PROBLEM DESCRIPTION: Entries follow. Give back exactly the lines starting at the one containing "Požudna djevojka zadovoljna" and ending at the one containing "Pocket Zaurus World4-2i map.png", and no other lines.

SOURCE INFORMATION:
※
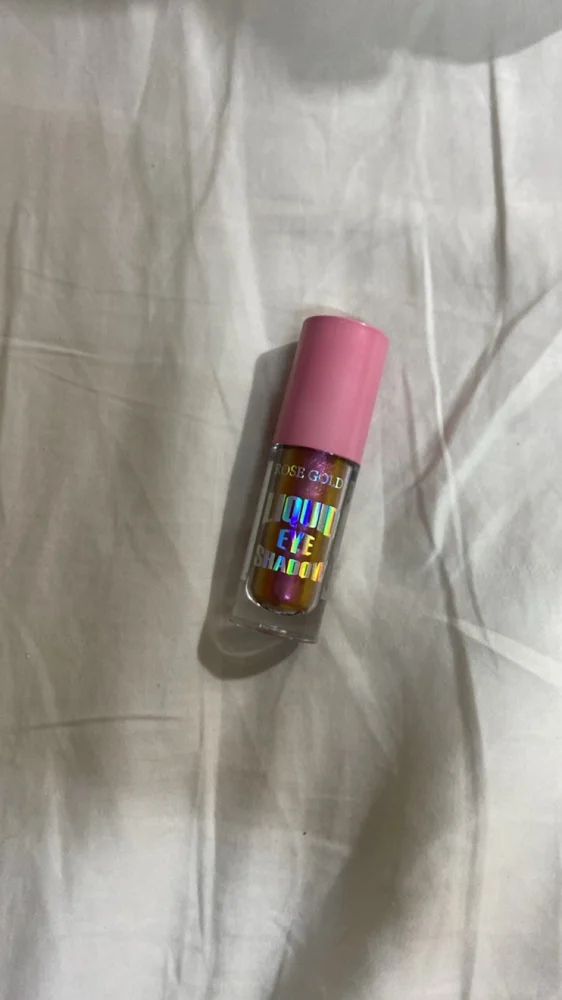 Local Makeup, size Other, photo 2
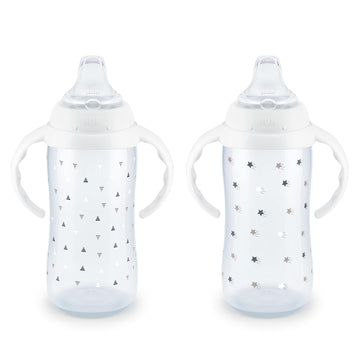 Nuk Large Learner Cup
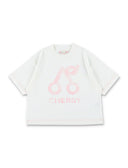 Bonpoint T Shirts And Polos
※
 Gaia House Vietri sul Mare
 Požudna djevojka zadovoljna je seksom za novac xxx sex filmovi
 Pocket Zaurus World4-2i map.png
※
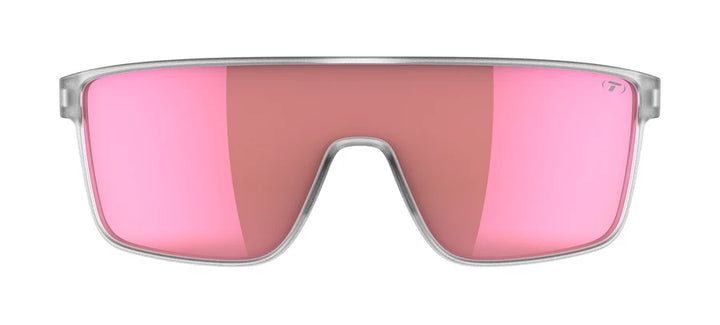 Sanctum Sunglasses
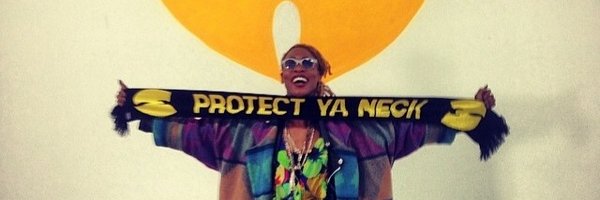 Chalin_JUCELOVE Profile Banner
※
RESPONSE AREA:
 Požudna djevojka zadovoljna je seksom za novac xxx sex filmovi
 Pocket Zaurus World4-2i map.png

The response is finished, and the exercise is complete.